The Best Introductory Data Science Books
- An Introduction to Statistical Learning
- Numsense! Data Science for the Layman: No Math Added
- Doing Data Science: Straight Talk From the Front Line
- Predictive Analytics: The Power to Predict Who Will Click, Buy, Lie or Die
- Weapons of Math Destruction
Since data science is an interdisciplinary field involving many separate and seemingly unrelated topics, it can be confusing to choose which books are the best ones for getting started in this field. Data science is the fusion of statistics, mathematics, probability, machine learning, predictive modeling, and computer programming. The mix can also incorporate a healthy dose of business, economics or politics, depending on the organization the data scientist is working for at the time.
Anyone who can grasp these topics and how they all fit together can use the combined knowledge to solve some of the most compelling problems that governments, businesses and civic organizations experience. The following 5 data science books are all useful for coming to this sort of understanding.
Gareth James, Daniela Witten, Trevor Hastie and Robert Tibshirani
This book is at the top of our list of best introductory data science books because it is one of the most intuitive texts available on the topic of R programming as it relates to statistical methods.
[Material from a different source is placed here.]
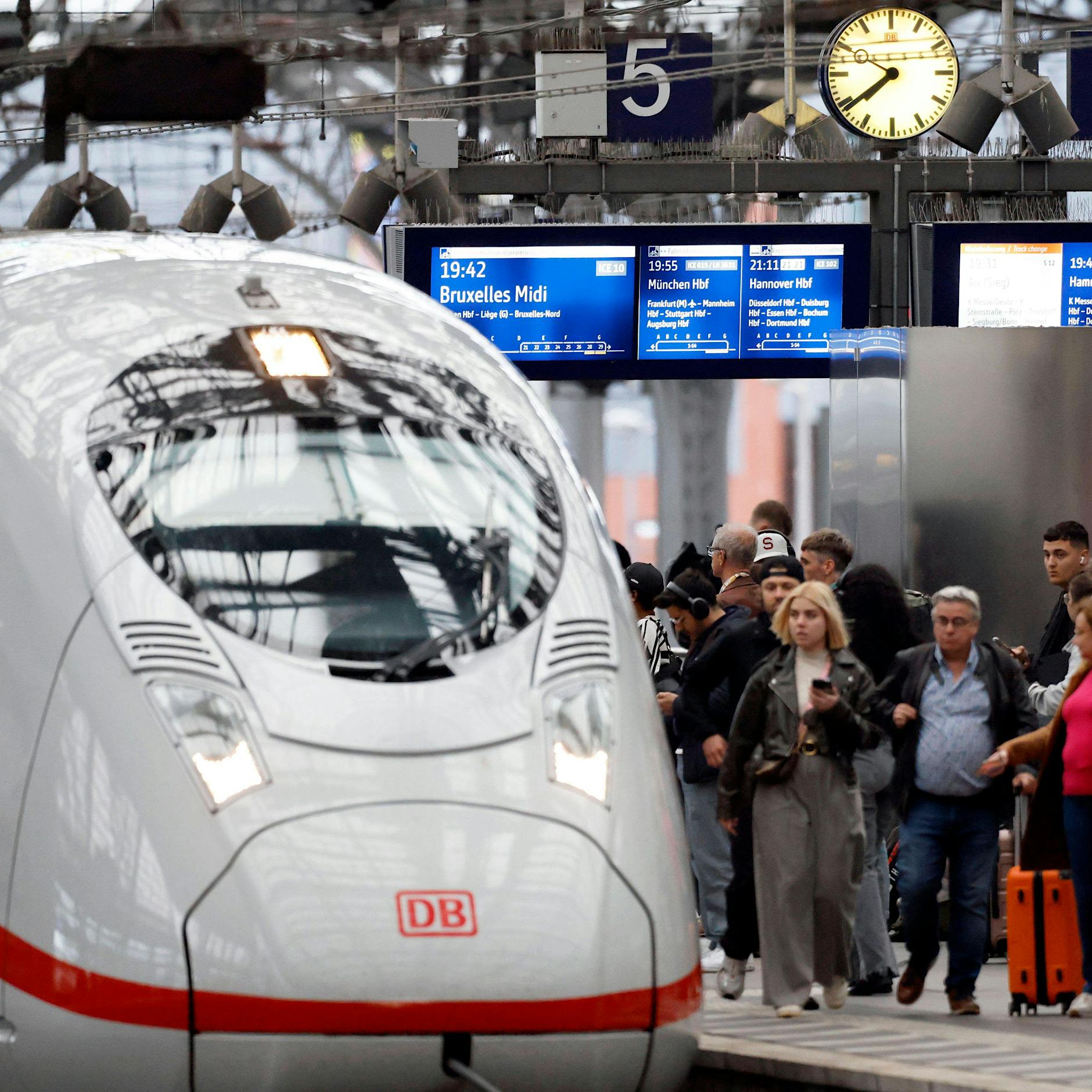 Bericht: Lässt die Bahn Züge ausfallen, um die Statistik zu frisieren?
Four statistics professors wrote this classic text, which was published in 2013 but recently updated in 2017. An in-depth previous knowledge of upper-level mathematics is not necessary for success with understanding this book, so it’s an excellent starting point for readers in a variety of disciplines who need to understand data science.
Kenneth Soo and Annalyn Ng
This book is an introductory text on the topics of machine learning and predictive analytics for business. It is ideal for readers who want to understand data science without getting excessively bogged down in math, statistics or probability. This book’s strong point lies in the clear examples it gives of commonly used models for business situations. It is not the optimum book for readers who need step-by-step tutorials on how to actually accomplish the predictive analysis discussed.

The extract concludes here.